On 12/15/18, Dave Richards
I have not read the ukernel code, but I would imagine that most of the code needed to launch the multiple servers already exists, i.e. it is necessary to launch the root server. It may require re-factoring, of course. Right?
It solves another immediate problem for me. I can develop the various servers without working on device drivers, I/O subsystem, ELF loader, etc.
Yes, there's code to launch the root server, but it's not particularly general, and is just enough to set up the state for the root server's initial thread. It would probably be non-trivial to make it general enough to load multiple servers. Personally I don't think that the kernel should be setting up state for multiple servers though.
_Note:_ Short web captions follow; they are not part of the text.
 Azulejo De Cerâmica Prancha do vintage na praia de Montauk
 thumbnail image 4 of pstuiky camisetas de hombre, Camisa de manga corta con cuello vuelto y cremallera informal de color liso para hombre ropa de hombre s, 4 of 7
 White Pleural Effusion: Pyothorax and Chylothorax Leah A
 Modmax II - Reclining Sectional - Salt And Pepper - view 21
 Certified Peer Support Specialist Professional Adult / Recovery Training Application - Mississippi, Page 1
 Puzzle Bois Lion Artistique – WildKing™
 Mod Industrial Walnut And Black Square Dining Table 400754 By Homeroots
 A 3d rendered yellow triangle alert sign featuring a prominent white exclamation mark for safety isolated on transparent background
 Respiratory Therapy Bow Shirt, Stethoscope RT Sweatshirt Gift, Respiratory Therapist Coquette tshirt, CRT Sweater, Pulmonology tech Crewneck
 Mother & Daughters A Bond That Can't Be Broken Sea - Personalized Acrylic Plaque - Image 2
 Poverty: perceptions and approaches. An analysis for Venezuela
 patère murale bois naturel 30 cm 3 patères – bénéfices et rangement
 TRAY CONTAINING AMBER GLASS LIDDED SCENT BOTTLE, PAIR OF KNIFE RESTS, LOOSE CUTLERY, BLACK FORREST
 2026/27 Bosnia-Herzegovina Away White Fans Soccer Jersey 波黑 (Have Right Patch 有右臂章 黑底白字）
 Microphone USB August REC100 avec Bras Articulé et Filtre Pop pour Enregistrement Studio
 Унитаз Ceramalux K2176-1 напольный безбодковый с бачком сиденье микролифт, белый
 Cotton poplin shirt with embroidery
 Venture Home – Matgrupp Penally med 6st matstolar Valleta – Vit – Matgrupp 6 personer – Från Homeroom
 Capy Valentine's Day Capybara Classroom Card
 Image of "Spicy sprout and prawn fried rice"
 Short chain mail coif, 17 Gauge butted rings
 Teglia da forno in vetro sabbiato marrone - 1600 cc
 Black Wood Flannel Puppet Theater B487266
I'd say that it should leave it up to the root server (my chain-loader's ELF preloading code would make that relatively easy to do from a root server without an ELF loader built in. although UX/RT's root server will just use its own built-in loader since it will treat modules as files rather than processes, and will only start /sbin/init directly, with init starting all other processes; I think a microkernel OS should have as few "special" servers as possible).
As for the OS architecture, I imagine many approaches are possible depending on the goals of the designer. The nice thing about seL4 is that it doesn't dictate any single approach.
What kind of OS are you trying to write? UX/RT is going to be a QNX-like OS with some concepts from Plan 9 thrown in, as well as a high degree of Linux compatibility.